U.S. Federal Reserve chairwoman Janet Yellen on Thursday gave an upbeat assessment of the U.S. economy before lawmakers, signaling an interest rate hike likely in December.
Yellen's testimony before the Joint Economic Committee of the U. S. Congress on Thursday is roughly identical to her speech on Wednesday. On both occasions, Yellen repeated that "U.S. economic growth is likely to be sufficient over the next year or two to result in further improvement in the labor market" and her confidence in a return of inflation to the central bank's 2 percent target.
Although the Fed chair did not indicate whether to raise interest rates this month or not, she mentioned that the economy is performing as expected, signaling the conditions necessary for an interest rate increase have been met.
In her testimony, Yellen reiterated that "even after the initial increase in the federal funds rate, monetary policy will remain accommodative," emphasizing a slow and gradual path for the monetary policy tightening cycle.
Analysts believed that Yellen's statements in recent days could be seen as a sign that she is ready to raise interest rates later this month, preventing a surprise in markets or the economy.
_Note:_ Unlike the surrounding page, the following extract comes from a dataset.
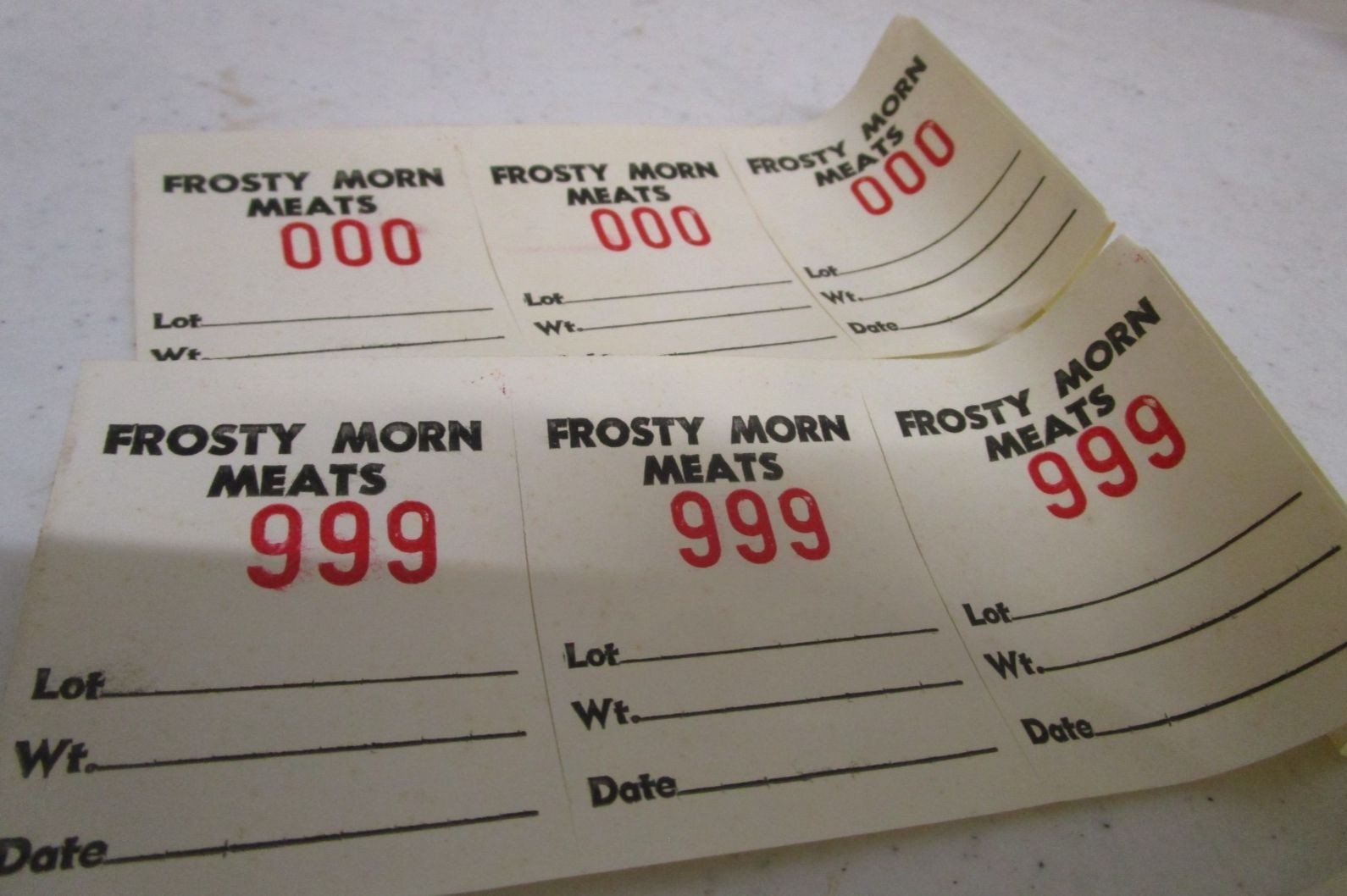 VINTAGE NOS FROSTY MORN MEATS FOOD GROCERY STORE 1-1000 PAPER TAGS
Investors were already expecting the Fed would lift the benchmark rate this month from current 0 to 0.25 percent range where it has held since 2008.
In the question and answer session with lawmakers, Yellen stated her assessment of the Chinese economy and currency, saying that China is trying to rebalance its economy from investment-driven to consumption-led model, and that the reasons for the slower growth are "understandable."
In regard to the Chinese currency, Yellen said that, despite the deprecation in the last summer, the Renminbi "has been strengthening rather substantially relative to many of its trade partners."